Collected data
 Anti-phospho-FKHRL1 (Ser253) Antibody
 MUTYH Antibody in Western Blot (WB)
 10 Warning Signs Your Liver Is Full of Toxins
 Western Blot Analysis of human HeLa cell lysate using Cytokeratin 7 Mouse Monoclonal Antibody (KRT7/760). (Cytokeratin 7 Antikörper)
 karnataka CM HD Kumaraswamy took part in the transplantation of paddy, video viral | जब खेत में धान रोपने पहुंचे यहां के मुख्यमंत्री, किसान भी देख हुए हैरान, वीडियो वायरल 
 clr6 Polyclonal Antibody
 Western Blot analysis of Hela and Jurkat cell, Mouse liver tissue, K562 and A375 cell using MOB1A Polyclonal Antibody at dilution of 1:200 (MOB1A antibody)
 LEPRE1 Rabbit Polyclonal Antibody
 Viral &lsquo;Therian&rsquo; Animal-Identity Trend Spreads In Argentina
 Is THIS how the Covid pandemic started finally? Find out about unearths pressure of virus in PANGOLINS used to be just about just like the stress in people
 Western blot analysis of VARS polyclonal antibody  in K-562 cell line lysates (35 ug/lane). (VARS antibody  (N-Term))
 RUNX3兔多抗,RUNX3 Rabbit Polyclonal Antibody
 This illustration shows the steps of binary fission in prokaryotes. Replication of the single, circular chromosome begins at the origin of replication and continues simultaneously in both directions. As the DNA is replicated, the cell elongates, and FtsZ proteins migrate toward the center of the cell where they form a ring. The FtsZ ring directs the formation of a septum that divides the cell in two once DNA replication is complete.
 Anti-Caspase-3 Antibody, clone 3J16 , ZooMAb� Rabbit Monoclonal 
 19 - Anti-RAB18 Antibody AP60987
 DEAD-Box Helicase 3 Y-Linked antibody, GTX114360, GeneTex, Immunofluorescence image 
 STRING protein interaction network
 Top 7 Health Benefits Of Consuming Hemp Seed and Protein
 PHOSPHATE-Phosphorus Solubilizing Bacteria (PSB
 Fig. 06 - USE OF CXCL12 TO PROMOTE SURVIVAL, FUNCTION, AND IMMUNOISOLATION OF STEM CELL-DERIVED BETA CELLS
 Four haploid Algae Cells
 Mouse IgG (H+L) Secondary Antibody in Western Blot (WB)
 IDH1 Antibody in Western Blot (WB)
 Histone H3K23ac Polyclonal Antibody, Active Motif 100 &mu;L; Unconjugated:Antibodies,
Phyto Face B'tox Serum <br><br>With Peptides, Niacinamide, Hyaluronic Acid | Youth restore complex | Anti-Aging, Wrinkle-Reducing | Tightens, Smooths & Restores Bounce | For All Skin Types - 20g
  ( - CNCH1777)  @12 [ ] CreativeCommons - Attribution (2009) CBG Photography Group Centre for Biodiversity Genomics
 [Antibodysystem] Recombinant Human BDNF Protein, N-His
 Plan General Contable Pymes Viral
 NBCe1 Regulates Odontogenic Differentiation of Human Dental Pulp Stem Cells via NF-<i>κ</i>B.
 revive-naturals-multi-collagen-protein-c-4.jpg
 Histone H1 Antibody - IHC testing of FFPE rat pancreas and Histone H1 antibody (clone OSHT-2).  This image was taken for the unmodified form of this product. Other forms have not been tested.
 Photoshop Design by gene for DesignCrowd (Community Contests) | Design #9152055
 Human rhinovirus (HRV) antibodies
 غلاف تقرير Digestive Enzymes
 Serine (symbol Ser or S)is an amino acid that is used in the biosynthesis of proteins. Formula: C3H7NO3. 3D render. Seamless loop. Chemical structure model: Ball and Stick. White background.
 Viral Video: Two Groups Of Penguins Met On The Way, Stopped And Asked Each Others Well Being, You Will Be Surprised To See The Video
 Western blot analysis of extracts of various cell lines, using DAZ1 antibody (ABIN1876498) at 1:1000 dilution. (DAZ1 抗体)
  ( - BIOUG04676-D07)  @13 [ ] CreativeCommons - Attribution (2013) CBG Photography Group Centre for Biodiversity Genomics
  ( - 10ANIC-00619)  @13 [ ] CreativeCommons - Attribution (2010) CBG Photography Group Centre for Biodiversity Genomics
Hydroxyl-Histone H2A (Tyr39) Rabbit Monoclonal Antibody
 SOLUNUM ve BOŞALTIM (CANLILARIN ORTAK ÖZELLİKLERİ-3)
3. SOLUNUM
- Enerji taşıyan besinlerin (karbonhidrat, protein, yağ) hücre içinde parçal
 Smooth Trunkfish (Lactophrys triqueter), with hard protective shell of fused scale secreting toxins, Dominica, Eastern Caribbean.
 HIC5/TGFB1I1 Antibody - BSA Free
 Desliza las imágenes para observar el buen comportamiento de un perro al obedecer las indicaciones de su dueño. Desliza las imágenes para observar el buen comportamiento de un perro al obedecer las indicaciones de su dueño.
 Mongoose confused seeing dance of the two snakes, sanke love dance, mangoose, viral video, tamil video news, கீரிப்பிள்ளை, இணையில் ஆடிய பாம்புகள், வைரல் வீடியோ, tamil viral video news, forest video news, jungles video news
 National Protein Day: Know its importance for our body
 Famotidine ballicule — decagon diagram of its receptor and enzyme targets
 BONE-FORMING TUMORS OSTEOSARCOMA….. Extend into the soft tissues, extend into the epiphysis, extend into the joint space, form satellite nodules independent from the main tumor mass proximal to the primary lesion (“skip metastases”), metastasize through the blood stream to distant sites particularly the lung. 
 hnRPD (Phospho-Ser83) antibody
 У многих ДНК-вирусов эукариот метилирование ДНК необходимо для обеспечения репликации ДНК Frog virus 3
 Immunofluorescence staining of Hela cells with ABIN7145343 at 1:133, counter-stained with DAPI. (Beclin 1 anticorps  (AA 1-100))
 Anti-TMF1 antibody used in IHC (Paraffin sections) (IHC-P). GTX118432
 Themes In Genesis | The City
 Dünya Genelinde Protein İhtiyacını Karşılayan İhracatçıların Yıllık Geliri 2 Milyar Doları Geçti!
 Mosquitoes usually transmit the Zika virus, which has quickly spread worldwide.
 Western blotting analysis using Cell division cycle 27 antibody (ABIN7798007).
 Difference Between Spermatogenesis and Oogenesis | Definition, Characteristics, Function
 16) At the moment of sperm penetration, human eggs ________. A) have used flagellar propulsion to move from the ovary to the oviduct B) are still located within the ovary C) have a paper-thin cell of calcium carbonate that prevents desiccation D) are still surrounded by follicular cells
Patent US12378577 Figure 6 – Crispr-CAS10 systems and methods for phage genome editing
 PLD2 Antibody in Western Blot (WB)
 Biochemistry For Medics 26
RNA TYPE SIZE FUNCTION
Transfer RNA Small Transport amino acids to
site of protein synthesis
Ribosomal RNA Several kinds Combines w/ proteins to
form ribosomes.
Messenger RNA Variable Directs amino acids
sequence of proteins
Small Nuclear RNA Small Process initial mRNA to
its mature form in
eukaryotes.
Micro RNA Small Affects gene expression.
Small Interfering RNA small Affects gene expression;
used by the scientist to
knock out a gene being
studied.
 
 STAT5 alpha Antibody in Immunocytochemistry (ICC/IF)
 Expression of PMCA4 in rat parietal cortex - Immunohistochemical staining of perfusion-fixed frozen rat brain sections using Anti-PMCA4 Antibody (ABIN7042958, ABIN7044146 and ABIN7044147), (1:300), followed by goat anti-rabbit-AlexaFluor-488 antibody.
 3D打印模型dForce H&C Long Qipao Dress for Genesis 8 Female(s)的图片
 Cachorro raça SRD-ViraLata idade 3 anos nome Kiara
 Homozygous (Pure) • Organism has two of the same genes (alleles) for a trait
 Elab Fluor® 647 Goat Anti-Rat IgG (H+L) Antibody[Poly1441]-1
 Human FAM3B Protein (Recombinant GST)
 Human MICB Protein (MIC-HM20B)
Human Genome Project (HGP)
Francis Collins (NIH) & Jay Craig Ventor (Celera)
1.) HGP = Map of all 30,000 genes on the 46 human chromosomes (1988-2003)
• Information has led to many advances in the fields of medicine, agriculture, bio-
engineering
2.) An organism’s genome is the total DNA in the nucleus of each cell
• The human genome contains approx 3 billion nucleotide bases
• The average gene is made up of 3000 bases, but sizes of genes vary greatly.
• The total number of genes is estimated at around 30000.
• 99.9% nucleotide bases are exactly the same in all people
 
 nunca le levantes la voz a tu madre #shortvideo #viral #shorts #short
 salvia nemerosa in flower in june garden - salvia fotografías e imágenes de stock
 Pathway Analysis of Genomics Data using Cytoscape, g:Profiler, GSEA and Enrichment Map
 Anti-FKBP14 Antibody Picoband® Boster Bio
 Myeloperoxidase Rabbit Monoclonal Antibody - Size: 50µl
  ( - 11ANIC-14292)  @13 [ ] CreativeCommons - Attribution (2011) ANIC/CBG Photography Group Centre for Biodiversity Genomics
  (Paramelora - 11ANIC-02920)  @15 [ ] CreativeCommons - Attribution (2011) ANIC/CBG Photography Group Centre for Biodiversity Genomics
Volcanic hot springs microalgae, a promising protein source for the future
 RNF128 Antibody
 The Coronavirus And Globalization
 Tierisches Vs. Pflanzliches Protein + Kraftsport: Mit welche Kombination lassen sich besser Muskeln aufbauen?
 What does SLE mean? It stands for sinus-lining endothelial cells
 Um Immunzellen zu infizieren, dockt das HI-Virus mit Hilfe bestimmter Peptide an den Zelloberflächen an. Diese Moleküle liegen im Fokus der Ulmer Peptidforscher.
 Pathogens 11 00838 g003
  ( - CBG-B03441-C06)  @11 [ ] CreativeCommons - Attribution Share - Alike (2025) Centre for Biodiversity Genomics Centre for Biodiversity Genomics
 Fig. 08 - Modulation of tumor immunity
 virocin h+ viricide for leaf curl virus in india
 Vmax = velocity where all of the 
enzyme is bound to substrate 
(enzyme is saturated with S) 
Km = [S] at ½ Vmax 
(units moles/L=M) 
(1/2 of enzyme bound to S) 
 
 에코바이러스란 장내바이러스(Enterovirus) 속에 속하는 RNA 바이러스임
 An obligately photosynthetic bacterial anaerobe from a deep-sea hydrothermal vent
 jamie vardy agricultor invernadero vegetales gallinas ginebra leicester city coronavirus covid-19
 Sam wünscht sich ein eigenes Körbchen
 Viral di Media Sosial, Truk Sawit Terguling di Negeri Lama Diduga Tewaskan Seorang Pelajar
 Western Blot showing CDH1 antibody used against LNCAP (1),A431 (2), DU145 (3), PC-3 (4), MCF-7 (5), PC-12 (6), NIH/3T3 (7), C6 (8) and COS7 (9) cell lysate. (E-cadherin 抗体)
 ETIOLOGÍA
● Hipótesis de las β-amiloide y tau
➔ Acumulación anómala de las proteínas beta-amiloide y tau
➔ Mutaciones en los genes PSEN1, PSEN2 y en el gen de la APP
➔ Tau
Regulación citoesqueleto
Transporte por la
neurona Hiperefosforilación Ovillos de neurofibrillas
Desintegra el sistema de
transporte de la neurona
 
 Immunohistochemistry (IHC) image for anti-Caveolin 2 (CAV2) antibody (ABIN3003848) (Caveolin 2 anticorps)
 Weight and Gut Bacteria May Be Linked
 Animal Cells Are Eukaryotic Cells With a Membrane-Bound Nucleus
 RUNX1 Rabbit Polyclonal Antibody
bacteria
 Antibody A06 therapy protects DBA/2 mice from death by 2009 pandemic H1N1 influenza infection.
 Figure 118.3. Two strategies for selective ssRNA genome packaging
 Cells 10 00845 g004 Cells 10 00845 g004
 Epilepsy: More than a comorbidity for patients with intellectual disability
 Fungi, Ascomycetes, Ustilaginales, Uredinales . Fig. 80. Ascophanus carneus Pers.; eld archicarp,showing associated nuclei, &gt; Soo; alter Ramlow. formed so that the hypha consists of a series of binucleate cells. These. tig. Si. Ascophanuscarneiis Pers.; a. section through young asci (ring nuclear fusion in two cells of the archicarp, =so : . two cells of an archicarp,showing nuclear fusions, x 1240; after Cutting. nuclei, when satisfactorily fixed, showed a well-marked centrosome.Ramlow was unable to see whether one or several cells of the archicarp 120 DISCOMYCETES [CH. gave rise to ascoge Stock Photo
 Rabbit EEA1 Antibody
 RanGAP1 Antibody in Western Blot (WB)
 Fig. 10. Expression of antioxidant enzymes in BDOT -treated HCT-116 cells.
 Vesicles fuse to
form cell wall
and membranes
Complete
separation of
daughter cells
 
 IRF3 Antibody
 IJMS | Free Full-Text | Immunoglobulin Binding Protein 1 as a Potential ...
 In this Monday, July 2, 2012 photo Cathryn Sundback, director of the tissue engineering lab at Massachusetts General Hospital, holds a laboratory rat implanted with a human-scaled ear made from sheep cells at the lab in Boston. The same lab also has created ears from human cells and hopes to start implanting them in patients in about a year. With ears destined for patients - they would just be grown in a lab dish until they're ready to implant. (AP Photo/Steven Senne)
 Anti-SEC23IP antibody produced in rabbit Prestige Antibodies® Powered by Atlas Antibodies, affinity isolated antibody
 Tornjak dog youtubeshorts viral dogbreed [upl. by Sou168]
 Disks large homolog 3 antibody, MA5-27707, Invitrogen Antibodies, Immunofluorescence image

• The problem: Each line holding the word "proteins" must be pulled from the records.

• Response box:
 This illustration shows the steps of binary fission in prokaryotes. Replication of the single, circular chromosome begins at the origin of replication and continues simultaneously in both directions. As the DNA is replicated, the cell elongates, and FtsZ proteins migrate toward the center of the cell where they form a ring. The FtsZ ring directs the formation of a septum that divides the cell in two once DNA replication is complete.
 Serine (symbol Ser or S)is an amino acid that is used in the biosynthesis of proteins. Formula: C3H7NO3. 3D render. Seamless loop. Chemical structure model: Ball and Stick. White background.
Ribosomal RNA Several kinds Combines w/ proteins to
sequence of proteins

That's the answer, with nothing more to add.